PROMPT: Pick out the lines below that include the string "with".

RECORDS:
----

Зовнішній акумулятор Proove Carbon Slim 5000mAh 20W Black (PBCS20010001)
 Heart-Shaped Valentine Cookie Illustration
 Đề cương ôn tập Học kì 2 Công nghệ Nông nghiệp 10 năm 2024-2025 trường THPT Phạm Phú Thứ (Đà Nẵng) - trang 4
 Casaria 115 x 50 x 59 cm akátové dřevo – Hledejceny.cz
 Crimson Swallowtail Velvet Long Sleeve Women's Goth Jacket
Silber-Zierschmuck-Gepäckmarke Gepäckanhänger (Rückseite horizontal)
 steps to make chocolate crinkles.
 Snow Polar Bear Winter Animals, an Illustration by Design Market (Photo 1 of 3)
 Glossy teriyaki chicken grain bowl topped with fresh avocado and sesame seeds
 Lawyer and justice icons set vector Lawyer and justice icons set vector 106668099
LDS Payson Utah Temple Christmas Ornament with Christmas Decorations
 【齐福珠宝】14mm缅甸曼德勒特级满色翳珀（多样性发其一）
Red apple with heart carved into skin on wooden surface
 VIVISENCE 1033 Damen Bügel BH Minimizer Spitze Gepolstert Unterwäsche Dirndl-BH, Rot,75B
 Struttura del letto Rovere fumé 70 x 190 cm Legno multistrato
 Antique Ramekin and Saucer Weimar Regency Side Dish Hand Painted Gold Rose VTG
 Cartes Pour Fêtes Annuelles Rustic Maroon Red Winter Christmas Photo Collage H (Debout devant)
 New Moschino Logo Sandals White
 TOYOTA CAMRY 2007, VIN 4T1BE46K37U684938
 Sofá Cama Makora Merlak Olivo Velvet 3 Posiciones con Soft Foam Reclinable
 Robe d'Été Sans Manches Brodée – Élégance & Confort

----

THE COMPLETED TASK:
 Glossy teriyaki chicken grain bowl topped with fresh avocado and sesame seeds
LDS Payson Utah Temple Christmas Ornament with Christmas Decorations
Red apple with heart carved into skin on wooden surface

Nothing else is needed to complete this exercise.